甲寅,以西川节度使王建兼东川、信武军两道都指挥制置等使。

甲寅日,任命西川节度使王建兼任东川、信武军两道都指挥制置等使。

八月,李嗣昭又败汴军于沙门河,进攻洺州。乙丑,朱全忠引兵救之,未至,嗣昭拔洺州,擒刺史朱绍宗。全忠命葛从周将兵击嗣昭。
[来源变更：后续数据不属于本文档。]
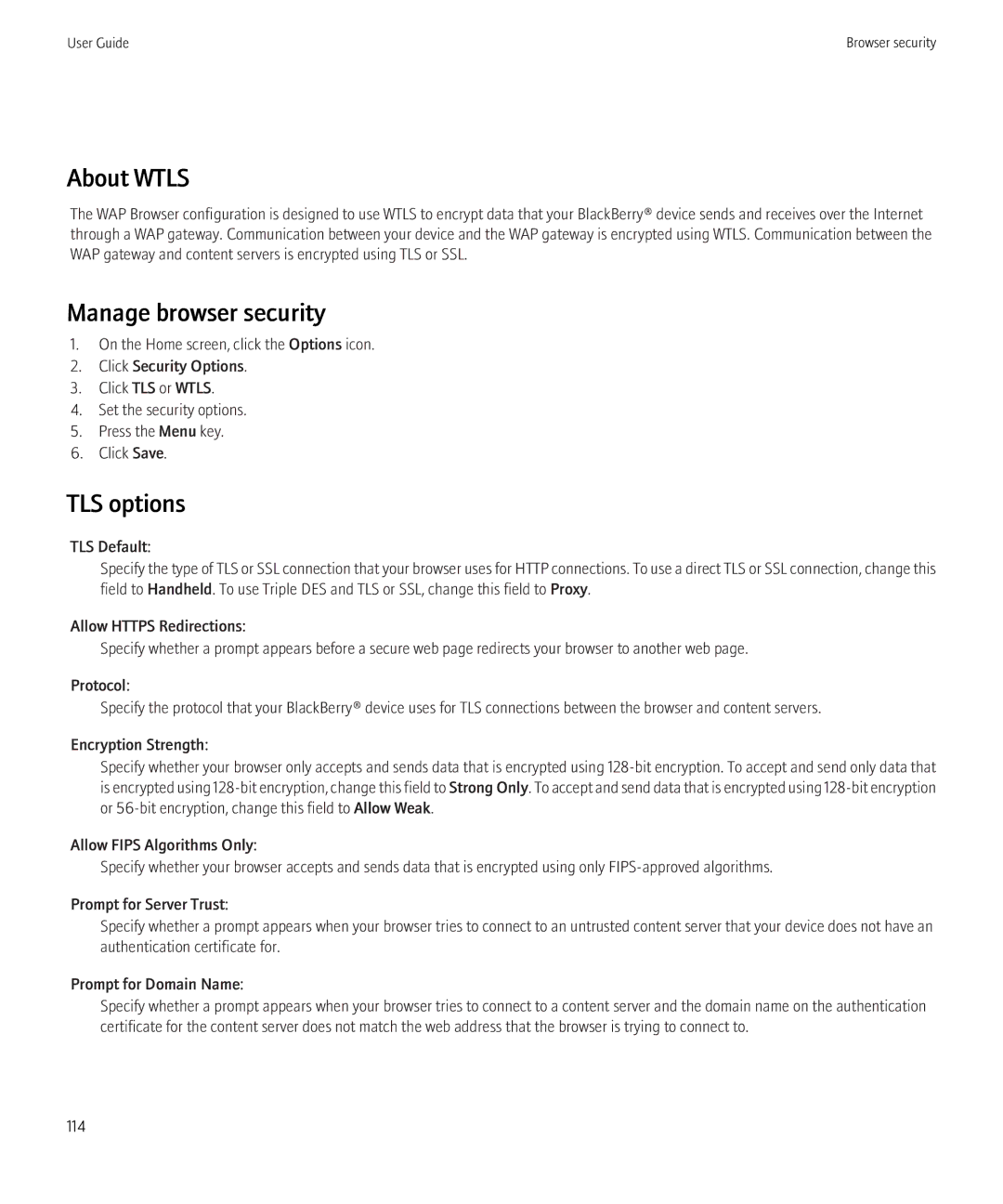 Blackberry 8520 manual About Wtls, Manage browser security, TLS options 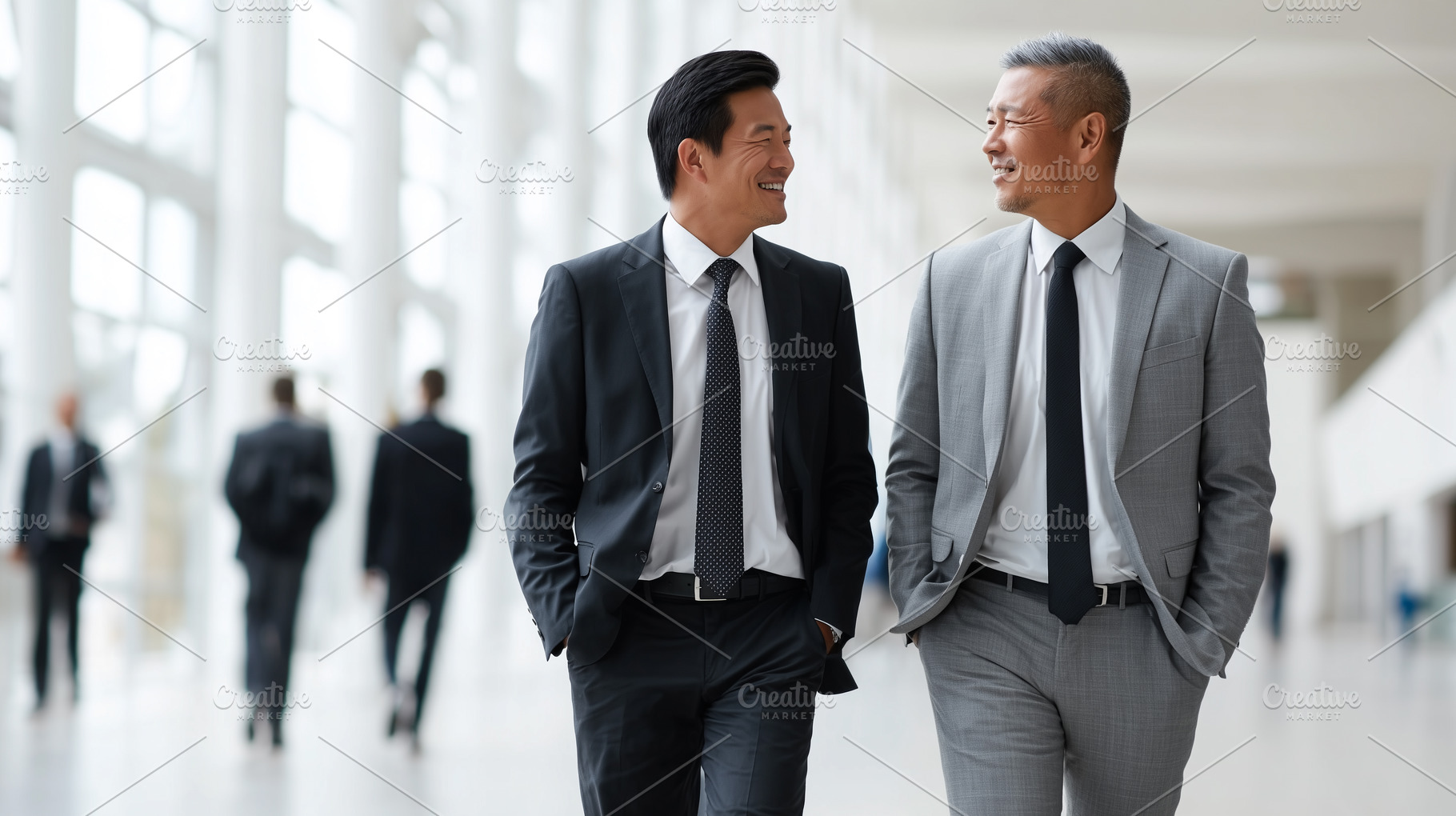 Two confident Asian businessmen in, a Business Photo by MistyDay
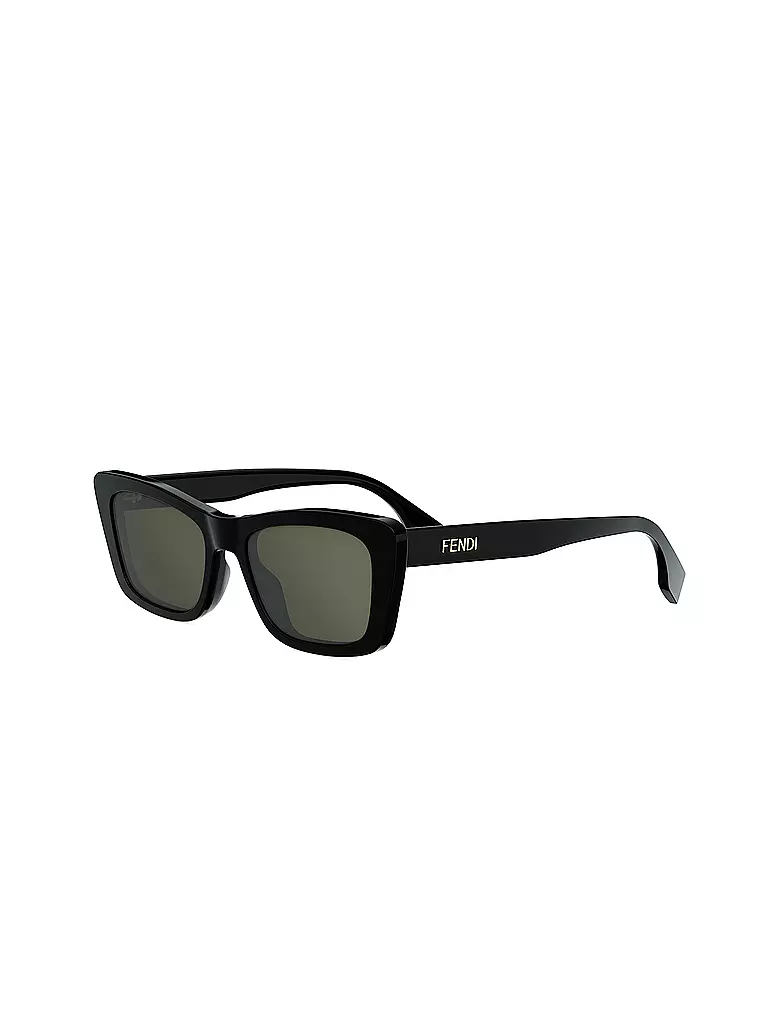 FENDI | Lunettes de soleil carrées noires avec lettrage FENDI | schwarz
八月,李嗣昭又在沙门河击败汴州军队,进攻洺州。乙丑日,朱全忠率兵救援,还没到达,李嗣昭已攻占洺州,擒获刺史朱绍宗。朱全忠命令葛从周率兵攻打李嗣昭。

宣州将康儒食尽,自清溪遁归。

宣州将领康儒粮食耗尽,从清溪逃回。

九月,葛从周自邺县渡漳水,营于黄龙镇。朱全忠自将中军三万涉洺水置营。李嗣昭弃城走,从周设伏于青山口,邀击,大破之。

九月,葛从周从邺县渡过漳水,在黄龙镇扎营。朱全忠亲自率领三万中军渡过洺水设置营寨。李嗣昭弃城逃跑,葛从周在青山口设下伏兵,拦击,大败李嗣昭。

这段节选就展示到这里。